Your objective - From the first line down to the line containing "An elegant master", print the records below exactly, leaving every picture out.

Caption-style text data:
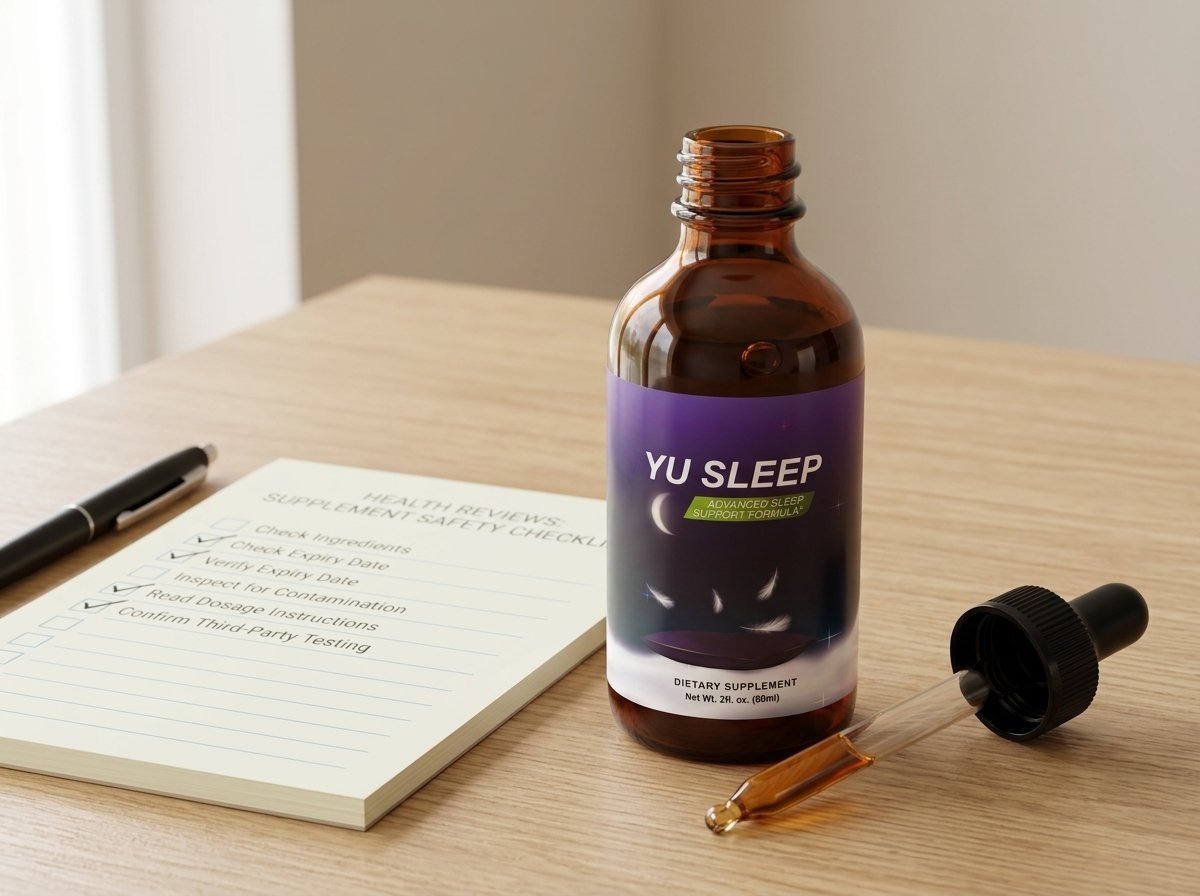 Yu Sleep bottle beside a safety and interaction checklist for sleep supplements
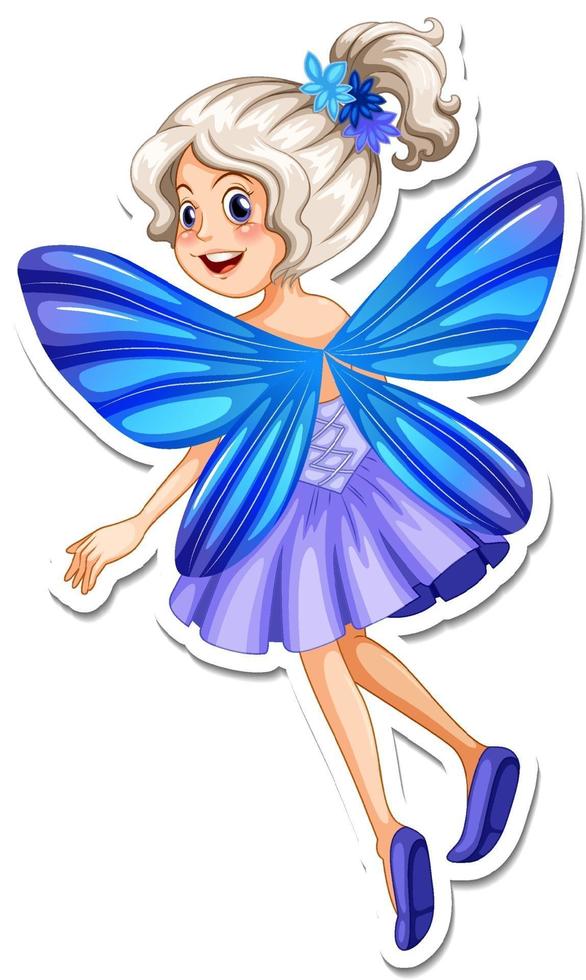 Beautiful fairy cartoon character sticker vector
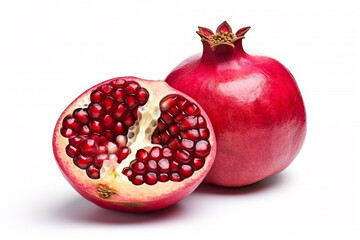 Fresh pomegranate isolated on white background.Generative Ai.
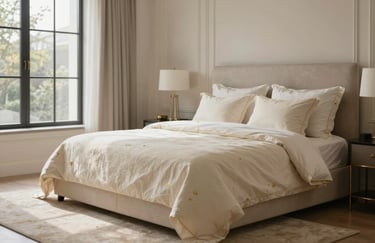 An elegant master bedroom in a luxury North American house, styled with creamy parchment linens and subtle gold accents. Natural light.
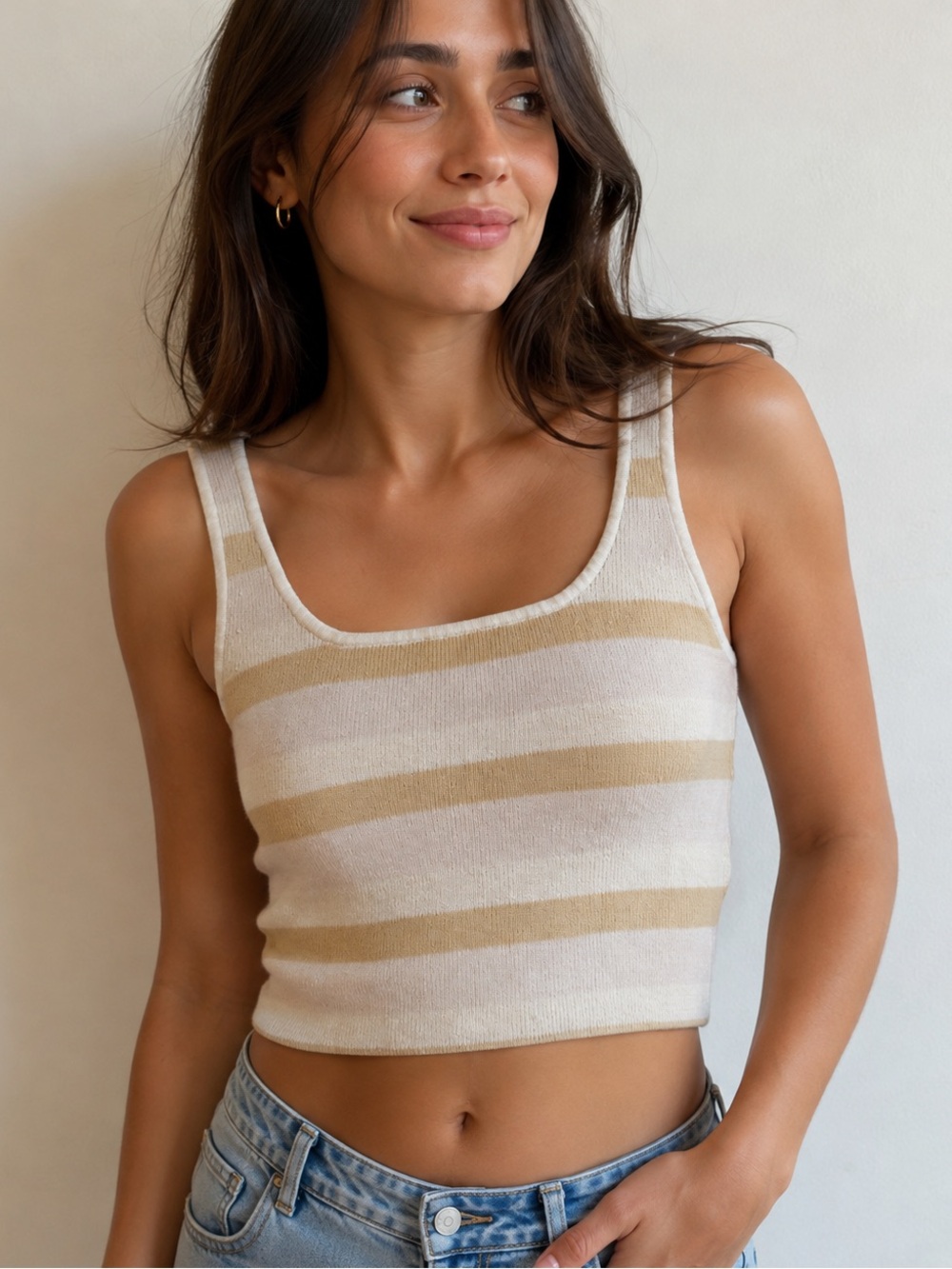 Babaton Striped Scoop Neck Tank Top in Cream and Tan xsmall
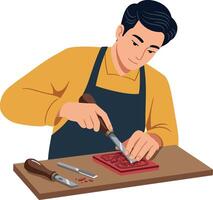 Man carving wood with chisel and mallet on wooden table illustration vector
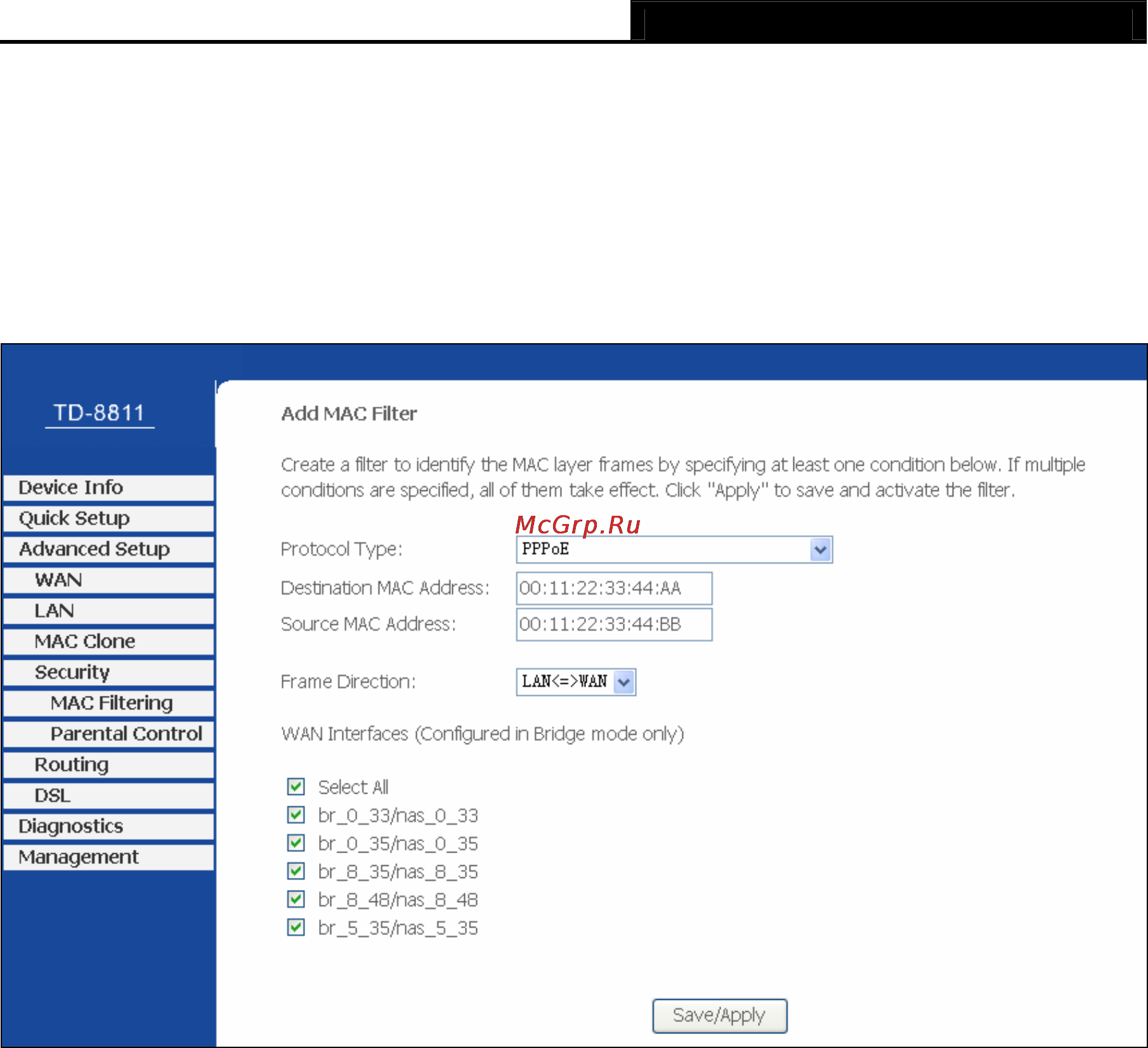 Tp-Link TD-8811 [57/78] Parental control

Answer to the exercise -
 Yu Sleep bottle beside a safety and interaction checklist for sleep supplements
 Beautiful fairy cartoon character sticker vector
 Fresh pomegranate isolated on white background.Generative Ai.
 An elegant master bedroom in a luxury North American house, styled with creamy parchment linens and subtle gold accents. Natural light.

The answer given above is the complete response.